以數學規畫法作多效蒸餾系統設計

Abstract

由於能源價格不斷上漲，而新興能源卻仍處於發展階段，因此，如何有效率地使用能源已然成為工業製程上相當重視的議題。在一般化工廠中，蒸餾程序扮演著高耗能的角色，自然而然也成為專家學者們重點探討之對象。其主要目的在於設計出適當的蒸餾塔操作方式來達成節約能源之效果，如此既可降低操作成本以符合經濟效益，亦能減低對環境所造成之衝擊。多效蒸餾塔（Multi-effect Distillation Columns）之概念早於1950年由Robinson與Gilliland所提出；藉由增加某些蒸餾塔的操作壓力造成塔與塔之間的溫度差，並進一步針對多根蒸餾塔進行熱整合，達到能量再利用及減少能量消耗之目的。 以超結構為基礎，本研究將提出一套完整的數學模式來描述多效蒸餾系統，並針對該系統進行最適化設計。其中設計目標包含了最小化能量使用以及最小化年總成本，依據不同的目標則可決定出不同之最佳操作情況。於本文中，由所提出之數學模式得到的設計結果將先與underwood’s method的結果比較，以確認其可靠性，再與傳統蒸餾系統做詳細之成本比較，以說明多效蒸餾系統確實能夠有效地節省能量使用並降低年總成本。另外，透過一系列例子的討論與分析，可歸納出不同進料狀態與最適蒸餾架構之間的關係。

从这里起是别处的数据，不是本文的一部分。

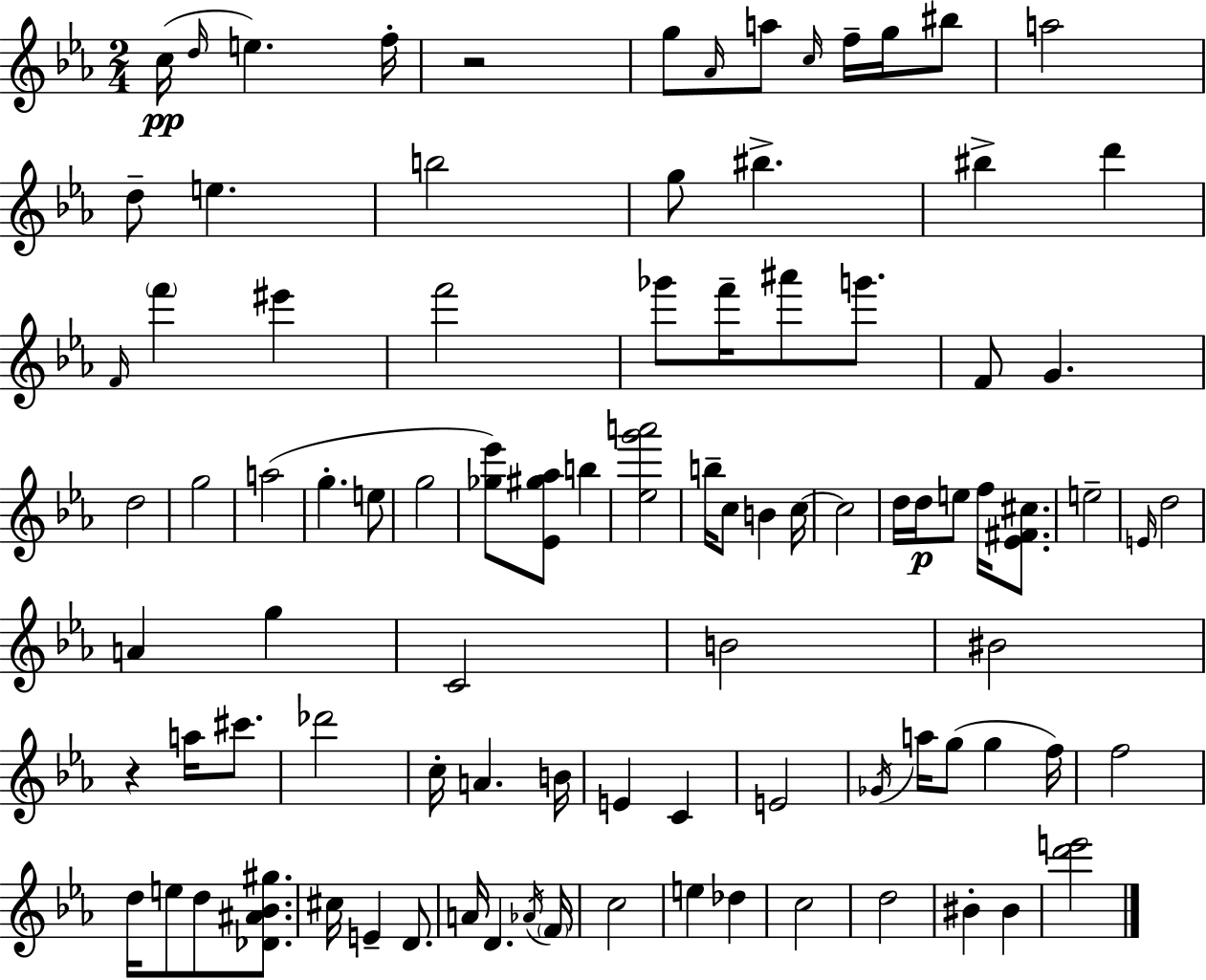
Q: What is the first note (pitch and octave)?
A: C5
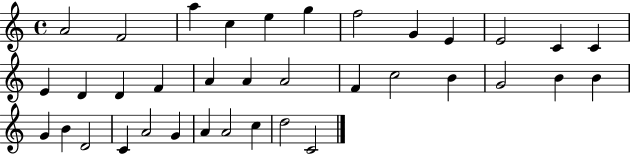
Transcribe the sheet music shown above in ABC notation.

X:1
T:Untitled
M:4/4
L:1/4
K:C
A2 F2 a c e g f2 G E E2 C C E D D F A A A2 F c2 B G2 B B G B D2 C A2 G A A2 c d2 C2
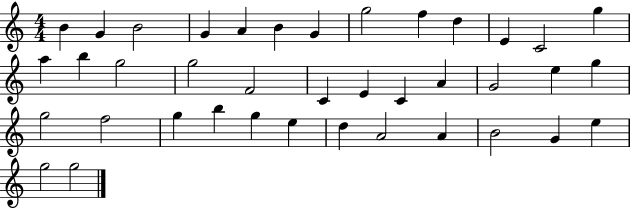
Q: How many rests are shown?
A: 0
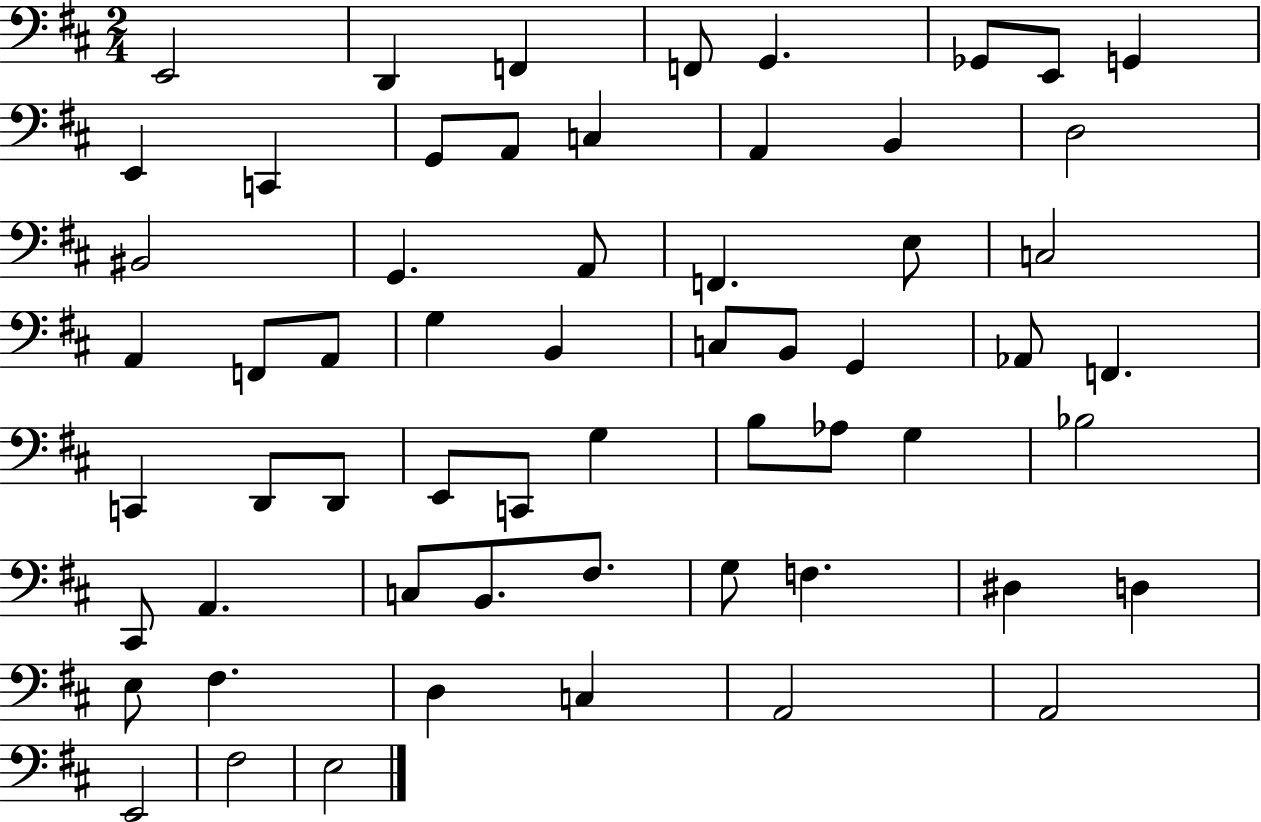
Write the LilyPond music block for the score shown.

{
  \clef bass
  \numericTimeSignature
  \time 2/4
  \key d \major
  e,2 | d,4 f,4 | f,8 g,4. | ges,8 e,8 g,4 | \break e,4 c,4 | g,8 a,8 c4 | a,4 b,4 | d2 | \break bis,2 | g,4. a,8 | f,4. e8 | c2 | \break a,4 f,8 a,8 | g4 b,4 | c8 b,8 g,4 | aes,8 f,4. | \break c,4 d,8 d,8 | e,8 c,8 g4 | b8 aes8 g4 | bes2 | \break cis,8 a,4. | c8 b,8. fis8. | g8 f4. | dis4 d4 | \break e8 fis4. | d4 c4 | a,2 | a,2 | \break e,2 | fis2 | e2 | \bar "|."
}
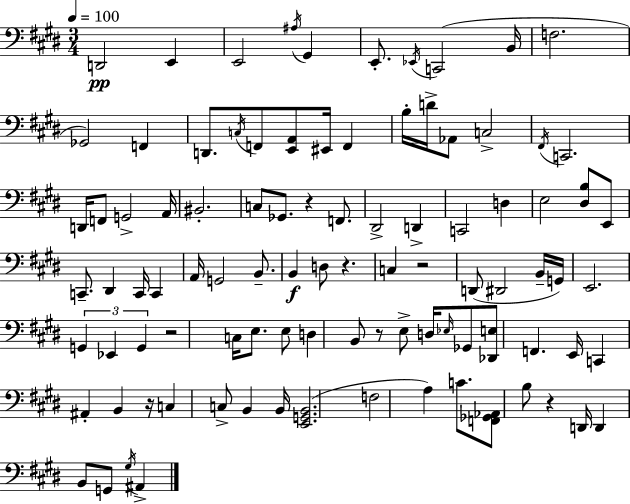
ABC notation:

X:1
T:Untitled
M:3/4
L:1/4
K:E
D,,2 E,, E,,2 ^A,/4 ^G,, E,,/2 _E,,/4 C,,2 B,,/4 F,2 _G,,2 F,, D,,/2 C,/4 F,,/2 [E,,A,,]/2 ^E,,/4 F,, B,/4 D/4 _A,,/2 C,2 ^F,,/4 C,,2 D,,/4 F,,/2 G,,2 A,,/4 ^B,,2 C,/2 _G,,/2 z F,,/2 ^D,,2 D,, C,,2 D, E,2 [^D,B,]/2 E,,/2 C,,/2 ^D,, C,,/4 C,, A,,/4 G,,2 B,,/2 B,, D,/2 z C, z2 D,,/2 ^D,,2 B,,/4 G,,/4 E,,2 G,, _E,, G,, z2 C,/4 E,/2 E,/2 D, B,,/2 z/2 E,/2 D,/4 _E,/4 _G,,/2 [_D,,E,]/2 F,, E,,/4 C,, ^A,, B,, z/4 C, C,/2 B,, B,,/4 [E,,G,,B,,]2 F,2 A, C/2 [F,,_G,,_A,,]/2 B,/2 z D,,/4 D,, B,,/2 G,,/2 ^G,/4 ^A,,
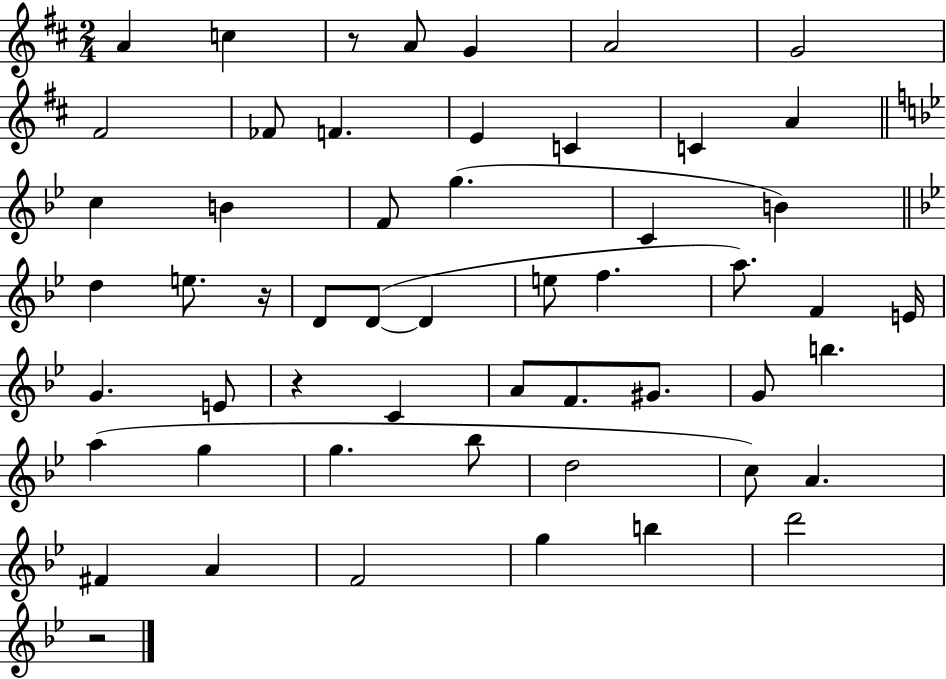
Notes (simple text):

A4/q C5/q R/e A4/e G4/q A4/h G4/h F#4/h FES4/e F4/q. E4/q C4/q C4/q A4/q C5/q B4/q F4/e G5/q. C4/q B4/q D5/q E5/e. R/s D4/e D4/e D4/q E5/e F5/q. A5/e. F4/q E4/s G4/q. E4/e R/q C4/q A4/e F4/e. G#4/e. G4/e B5/q. A5/q G5/q G5/q. Bb5/e D5/h C5/e A4/q. F#4/q A4/q F4/h G5/q B5/q D6/h R/h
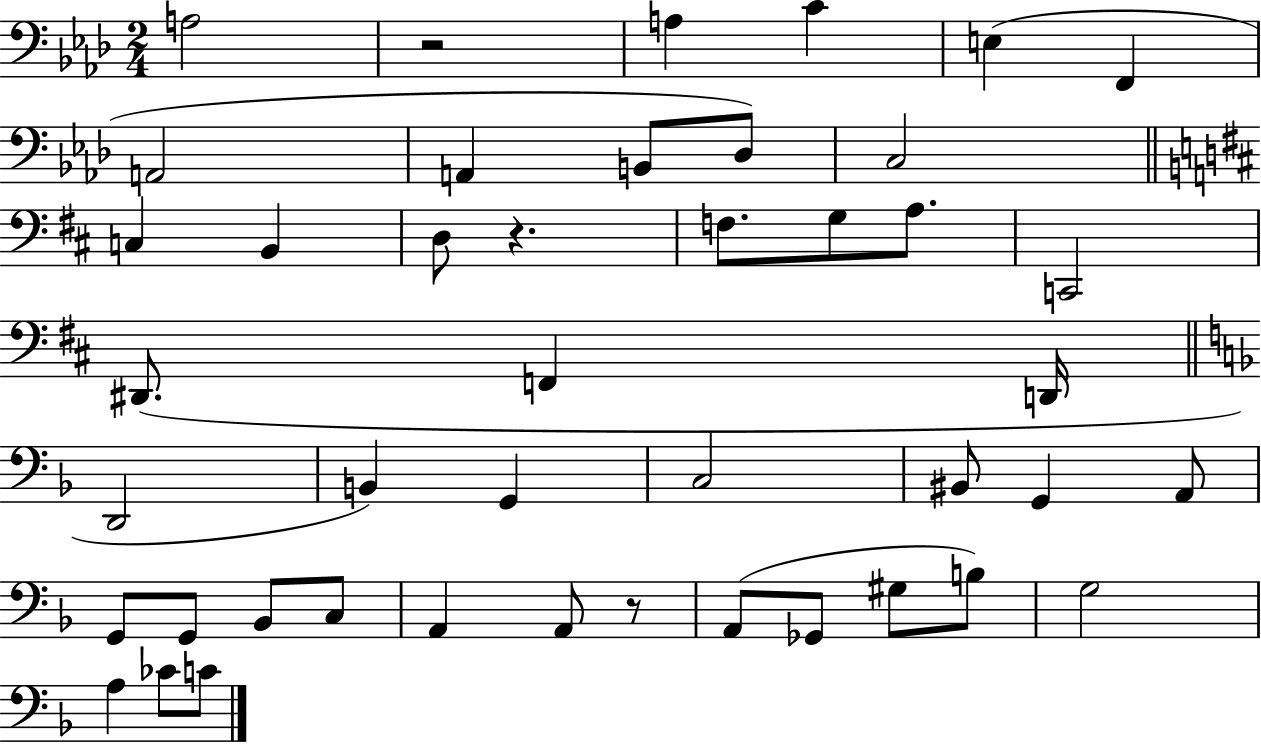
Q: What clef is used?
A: bass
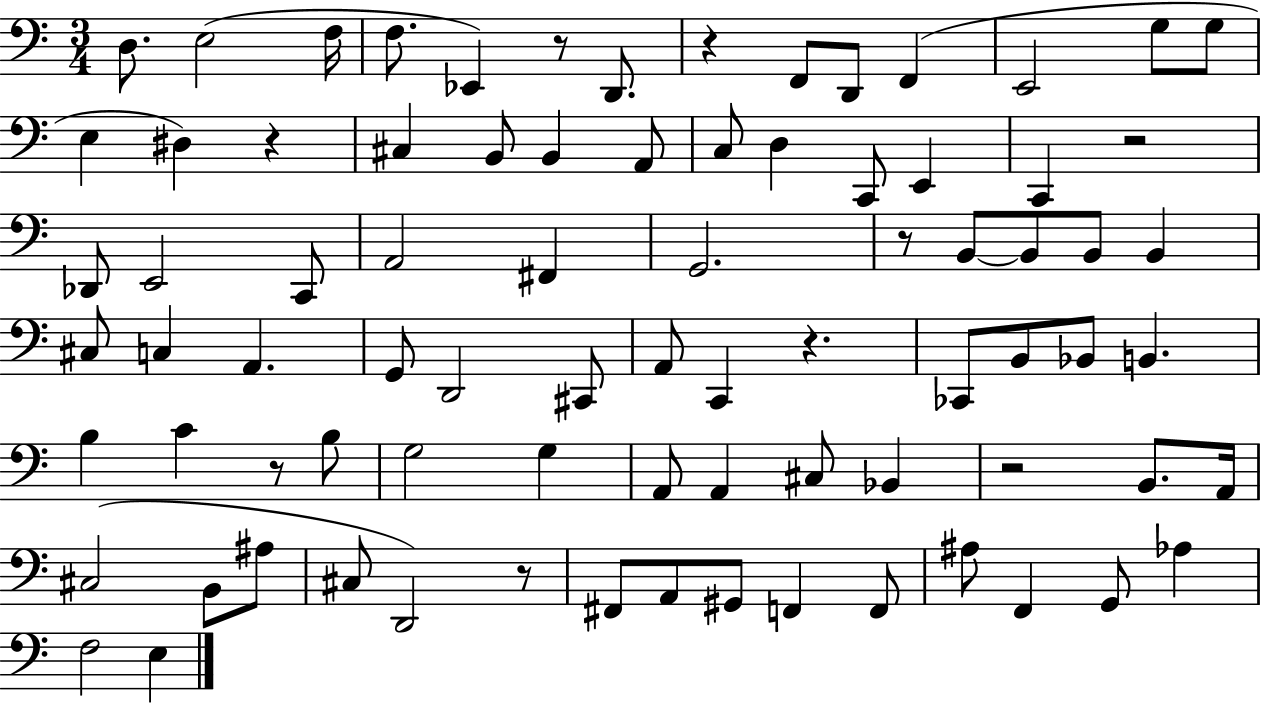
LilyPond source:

{
  \clef bass
  \numericTimeSignature
  \time 3/4
  \key c \major
  d8. e2( f16 | f8. ees,4) r8 d,8. | r4 f,8 d,8 f,4( | e,2 g8 g8 | \break e4 dis4) r4 | cis4 b,8 b,4 a,8 | c8 d4 c,8 e,4 | c,4 r2 | \break des,8 e,2 c,8 | a,2 fis,4 | g,2. | r8 b,8~~ b,8 b,8 b,4 | \break cis8 c4 a,4. | g,8 d,2 cis,8 | a,8 c,4 r4. | ces,8 b,8 bes,8 b,4. | \break b4 c'4 r8 b8 | g2 g4 | a,8 a,4 cis8 bes,4 | r2 b,8. a,16 | \break cis2( b,8 ais8 | cis8 d,2) r8 | fis,8 a,8 gis,8 f,4 f,8 | ais8 f,4 g,8 aes4 | \break f2 e4 | \bar "|."
}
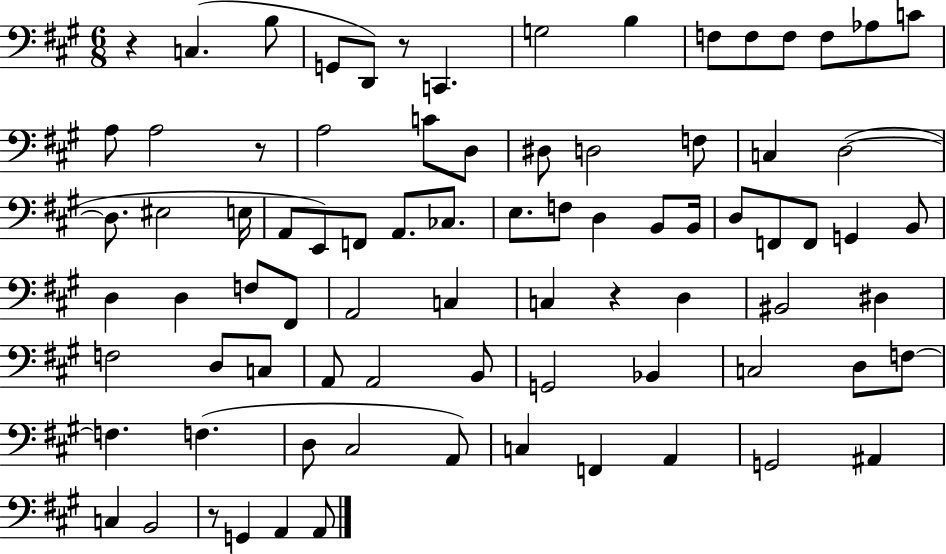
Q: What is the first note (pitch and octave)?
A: C3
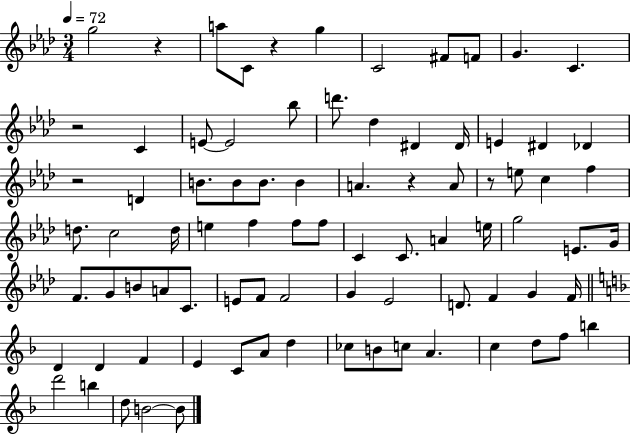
G5/h R/q A5/e C4/e R/q G5/q C4/h F#4/e F4/e G4/q. C4/q. R/h C4/q E4/e E4/h Bb5/e D6/e. Db5/q D#4/q D#4/s E4/q D#4/q Db4/q R/h D4/q B4/e. B4/e B4/e. B4/q A4/q. R/q A4/e R/e E5/e C5/q F5/q D5/e. C5/h D5/s E5/q F5/q F5/e F5/e C4/q C4/e. A4/q E5/s G5/h E4/e. G4/s F4/e. G4/e B4/e A4/e C4/e. E4/e F4/e F4/h G4/q Eb4/h D4/e. F4/q G4/q F4/s D4/q D4/q F4/q E4/q C4/e A4/e D5/q CES5/e B4/e C5/e A4/q. C5/q D5/e F5/e B5/q D6/h B5/q D5/e B4/h B4/e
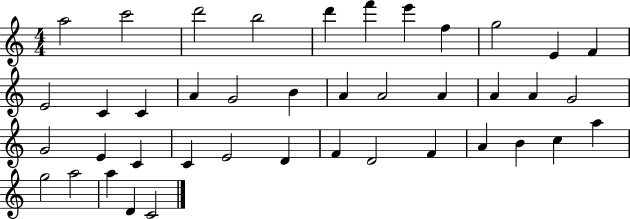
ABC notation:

X:1
T:Untitled
M:4/4
L:1/4
K:C
a2 c'2 d'2 b2 d' f' e' f g2 E F E2 C C A G2 B A A2 A A A G2 G2 E C C E2 D F D2 F A B c a g2 a2 a D C2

Owing to the rising cost of energy and the fact that new energy resources are not yet available to all, how to utilize energy in an efficient way has become an important issue for industrial processes. In normal chemical works, the distillation process plays the most part in consuming energy and naturally turns into the major subject to be investigated by many savants. The main objective is to design an applicable mode for the manipulation of distillation columns which achieves the energy saving. Therefore, not only the operating cost can be reduced but the environmental impact will be also lowered. The concept of multi-effect distillation columns had been introduced in 1950 by Robinson and Gilliland: The temperature differences (for heat exchange) between distillation columns can be produced by increasing the pressure in some columns, and heat integration within the distillation system is then carried out for the purpose of energy recovery and energy saving. Based on a superstructure which incorporates all possible schemes, this work aims to propose a general mixed-integer nonlinear programming (MINLP) formulation for modeling and optimizing the multi-effect distillation system, where design objectives include the minimization of energy consumption and the minimization of total annual cost (TAC). Accordingly, optimal operating conditions can be obtained with different design objectives. For one thing, results from the proposed mathematical formulation will be compared with the results from Underwood’s method to confirm its validness. For the next, the results of multi-effect distillation system are also compared with the results of conventional distillation system to illustrate that the multi-effect distillation columns are actually capable of reducing the energy consumption and the total annual cost. Furthermore, the correlation between feed condition and resultant framework of distillation can be generalized through discussions on a series of examples.